Diesel markets, however, are another matter. Venezuela and other Latin American nations play a major role in setting global and U.S. diesel prices, as Venezuela and Colombia export heavier crude oil that is highly suitable for diesel.
Diesel prices will likely rise if the situation in Venezuela disrupts crude production and exports. Accordingly, energy and food prices for Americans could spike - as higher fuel costs are passed along to consumers from the diesel-intensive U.S. trucking sector, hitting rural areas especially hard.
U.S. Gulf Coast complex refineries are configured to process Venezuelan crude grades and in 2024, regional refinery runs totaled roughly 8.9 million barrels per day; imports from Colombia and Venezuela accounted for about 4% of these crude inputs. While those percentages may seem trivial, short-run diesel price inelasticity and refinery constraints imply materially higher regional prices, especially if substitutes are costly or slow to arrive.
Oil roiled
Diesel price shocks can push near-term inflation higher.
How deeply the U.S. intervention in Venezuela impacts diesel markets depends chiefly on how the conflict unfolds.
Intervention supporters hold that Venezuelan oil production could rise, sending prices lower. Indeed, some studies find that Venezuela's oil production could rise sharply, under highly supportive conditions.
Still, a quick and easy campaign seems highly improbable: The remnants of the Maduro regime have struck a defiant tone, for now, while the role of Cuban intelligence disincentivizes elite defections. While nothing can be ruled out - including the possibility that U.S. troops will occupy Venezuela's oil fields for years - production is unlikely to rise sharply in the near term.
In a somewhat more plausible (but still unlikely) scenario, tensions could ease after a few months, especially if the Trump administration cuts a deal with Maduro's successor, Delcy Rodríguez. Global crude prices might remain flat as diesel-crack spreads - the difference between the market price of crude oil and diesel's wholesale price - rest above $40 a barrel, sending U.S. national retail diesel prices up by less than 5% - or about 15 cents a gallon.
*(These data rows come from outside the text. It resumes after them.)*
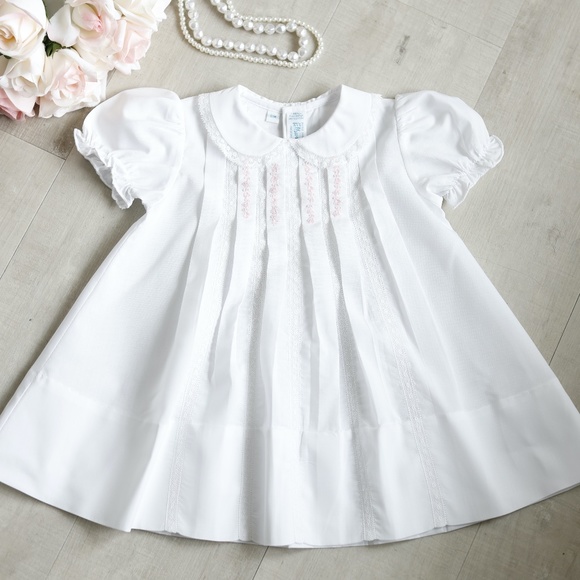 Feltman Brothers Dress White Size 6 Month Lace Inlay Pink Embroidery Spring NWOT - Picture 1 of 4
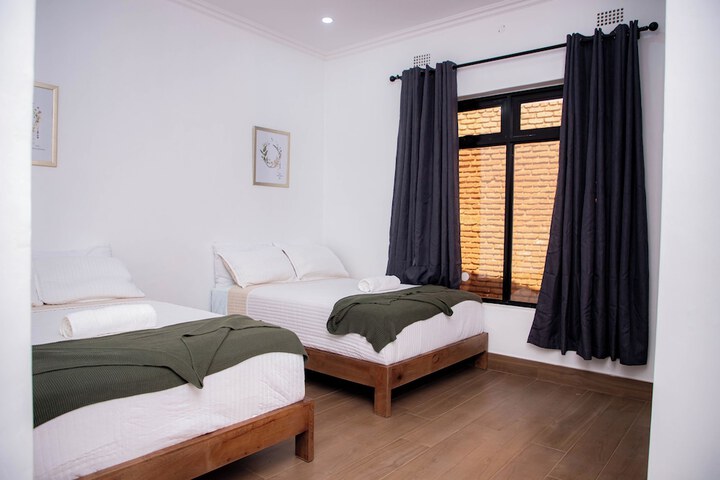Room 2 of 9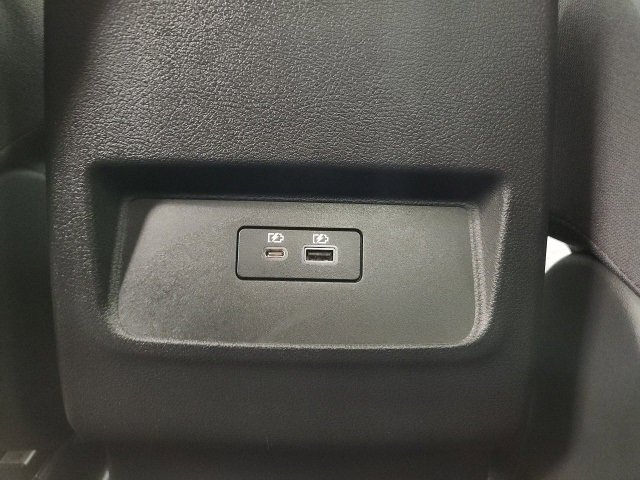 Used 2024 Nissan Frontier SV image 38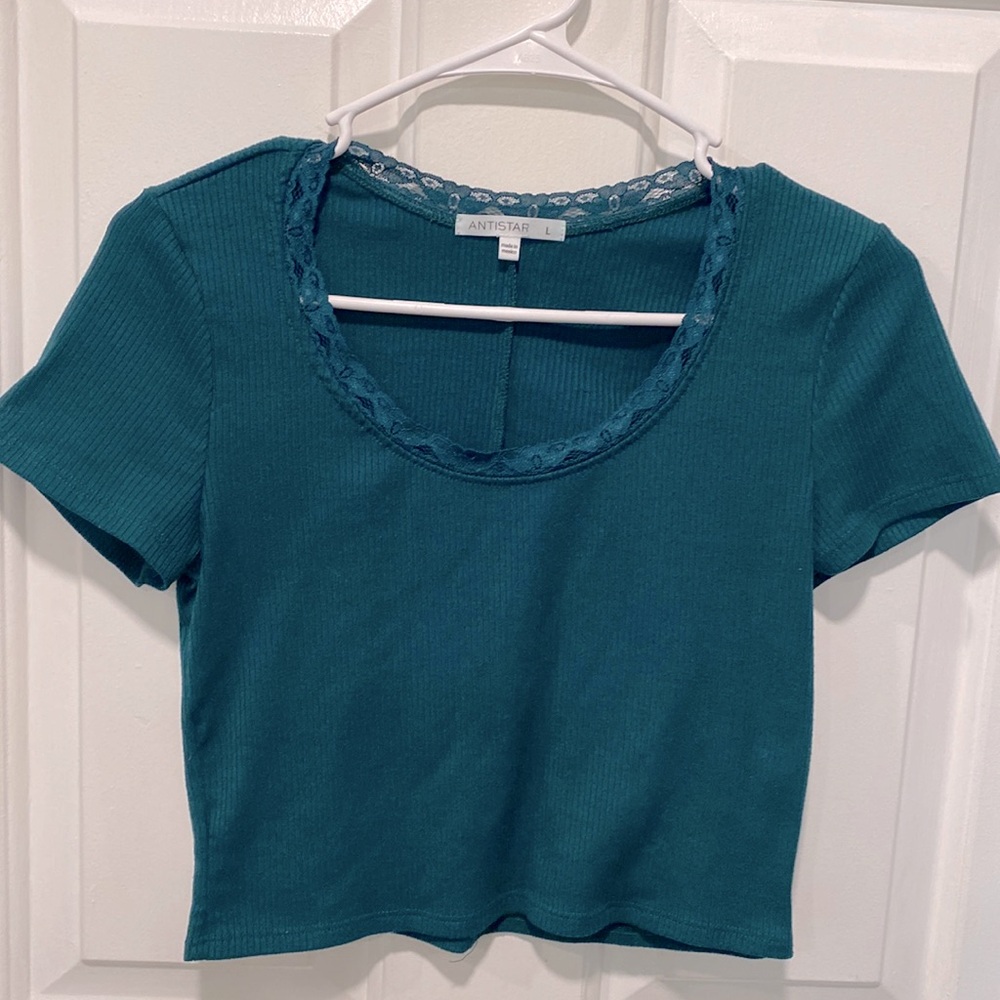 Juniors crop top size L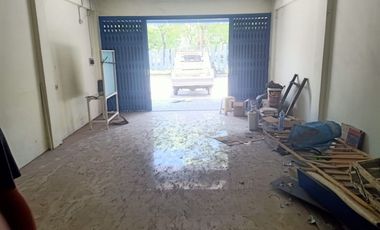 SEWA ATAU JUAL RUKO STRATEGIS BABATAN PANTAI  NOL JALAN RAYA KENJERAN DEKAT BANK BCA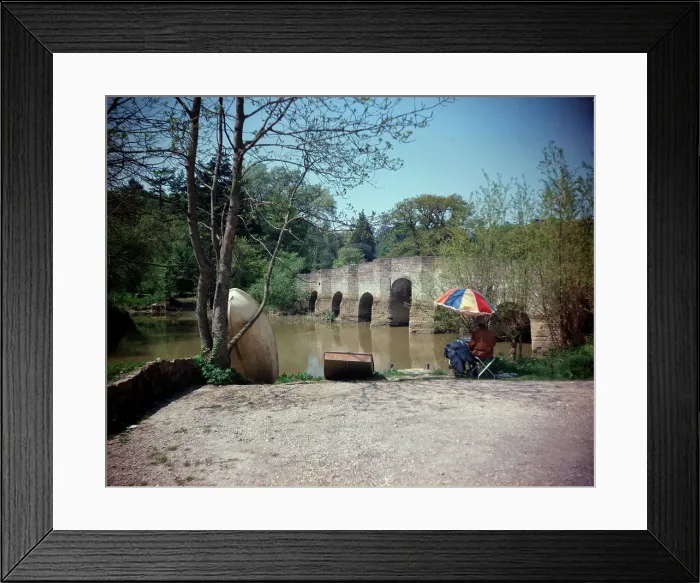 Framed Print : Stopham Bridge, River Avon, Petworth Framed Print : Stopham Bridge, River Avon, Petworth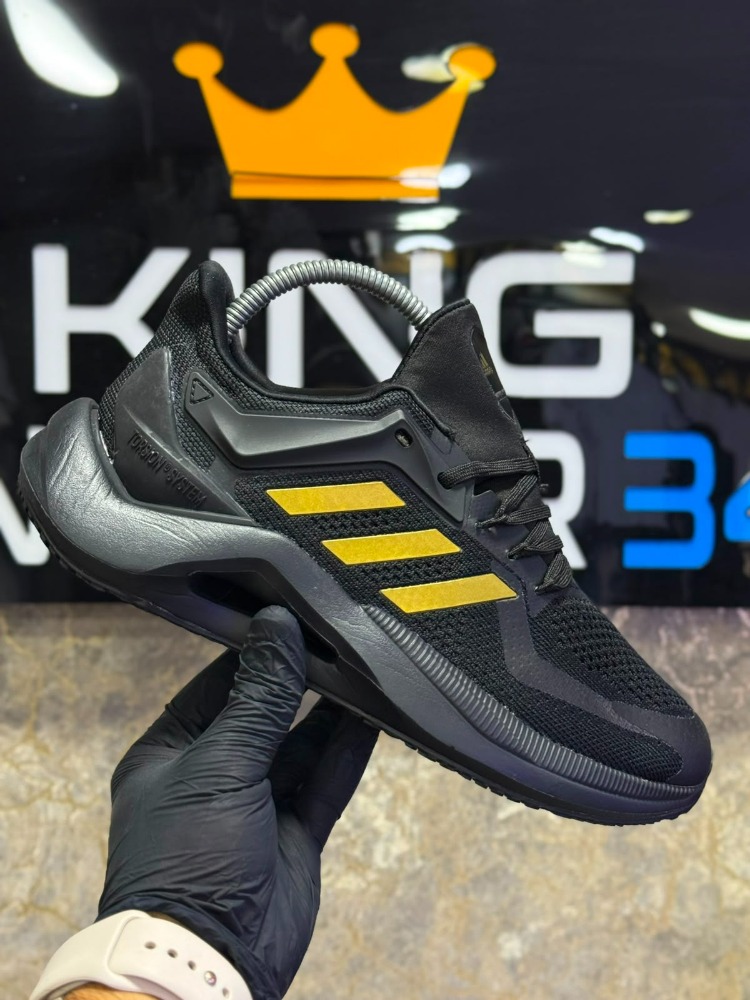Adidas Torsion Black Gold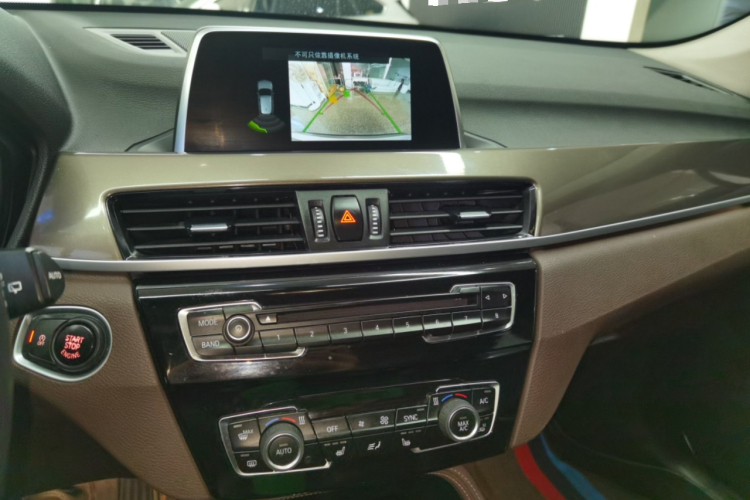 宝马X1 2018款 xDrive20Li 尊享型中控内饰16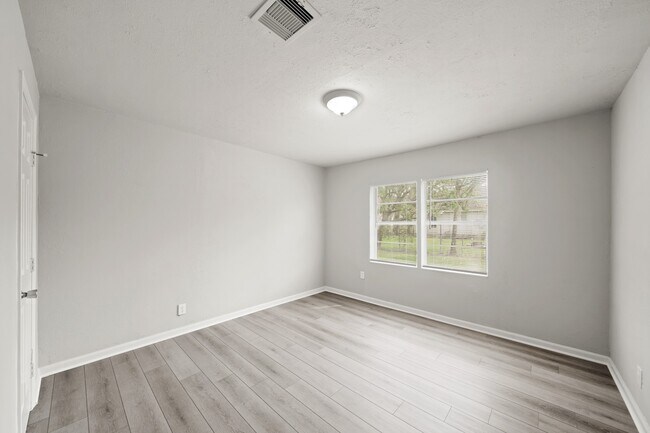 Building Photo - 2253 Collier St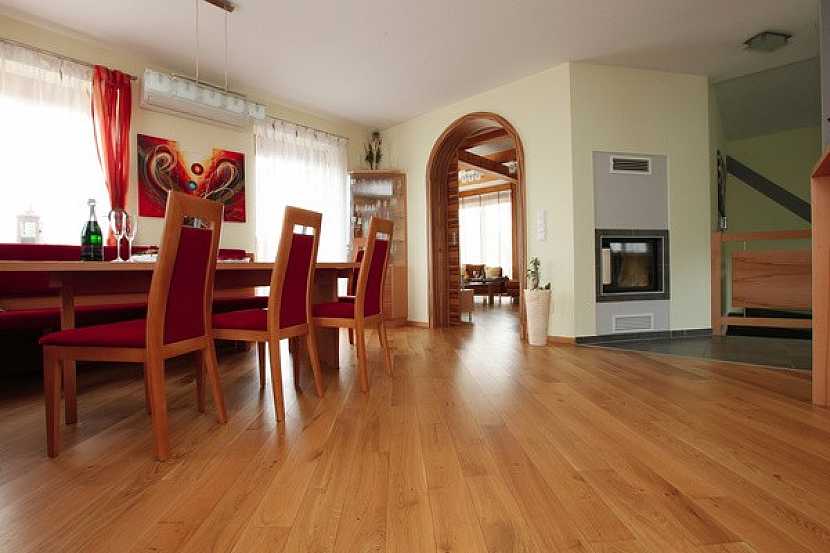 Která masivní podlaha bude do obýváku a kuchyně vhodná?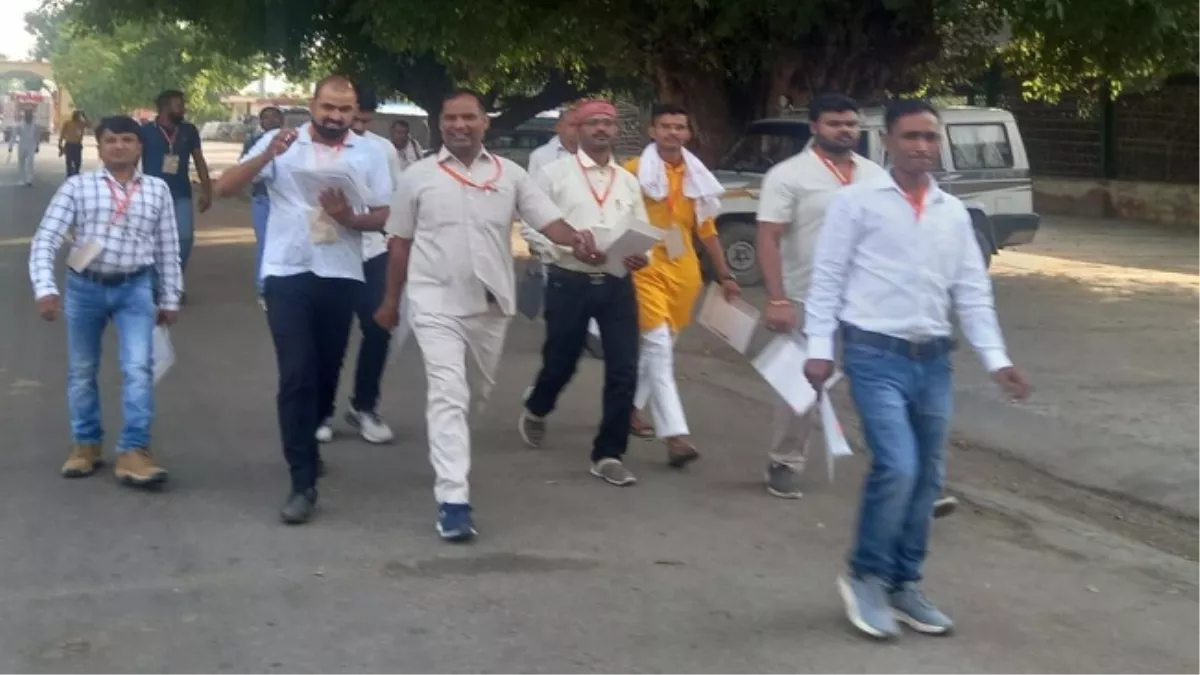 UP Election Result 2024 Live: मतगणना स्थल पर पहुंचने लगे राजनीतिक दलों के एजेंट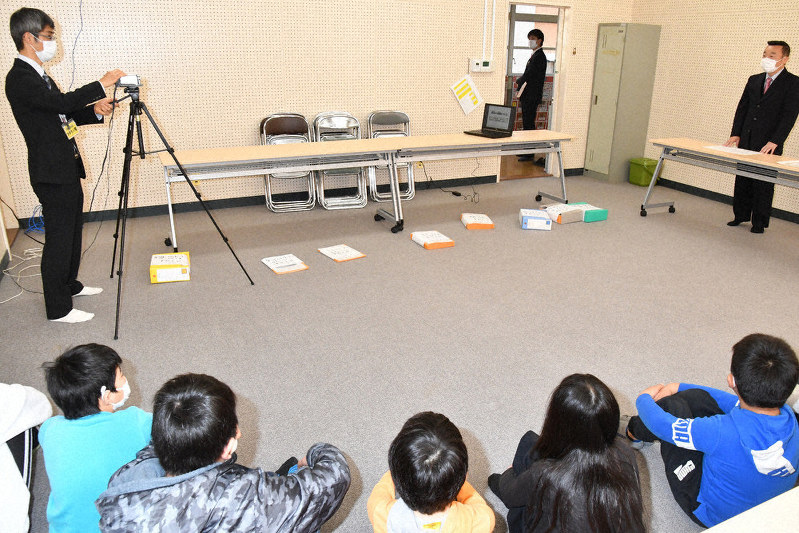 新型コロナ 映像で修了式 小中学校春休みへ 福岡 毎日新聞 新型コロナ 映像で修了式 小中学校春休みへ 福岡 毎日新聞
In the most likely large-scale intervention scenario, however, the regime will not fold and will instead conduct a "guerrilla-style resistance." The conflict could not only engulf Venezuela but also escalate to Colombia via Maduro-sympathetic actors, such as the ELN terrorist group.
In this highly plausible scenario, crude prices could rise by $5 to $8 a barrel (or about 9% to 14%). Meanwhile, the diesel-crack spread could reach $50 to $60/barrel, corresponding to a national diesel retail price of about $4.15 to $4.50 a gallon, or 15%-25% higher than prices of $3.60 a gallon in the week ended Dec. 15.
Significantly, Dallas Fed researchers find diesel price shocks can send near-term inflation higher, largely via freight-intensive goods, such as agriculture, although the magnitude and persistence depend on duration and pass-through.
Diesel prices were already primed to rise even before the raid. U.S. total distillate inventories are forecast to end the year at multi-year lows; diesel crack spreads have risen in recent months, according to the energy consultancy RBN, and the International Energy Agency has warned that global middle distillate markets are already supply-constrained.
Importantly, the commodity firm Kpler notes that complex U.S. Gulf Coast refineries are already structurally short of heavier feedstocks, especially as imports from Mexico have fallen since the ramp up of the Dos Bocas refinery, while the inauguration of the TMX pipeline on Canada's west coast allowed Albertan exporters to access Pacific refiners. U.S. national retail diesel prices will likely climb higher on the current trajectory.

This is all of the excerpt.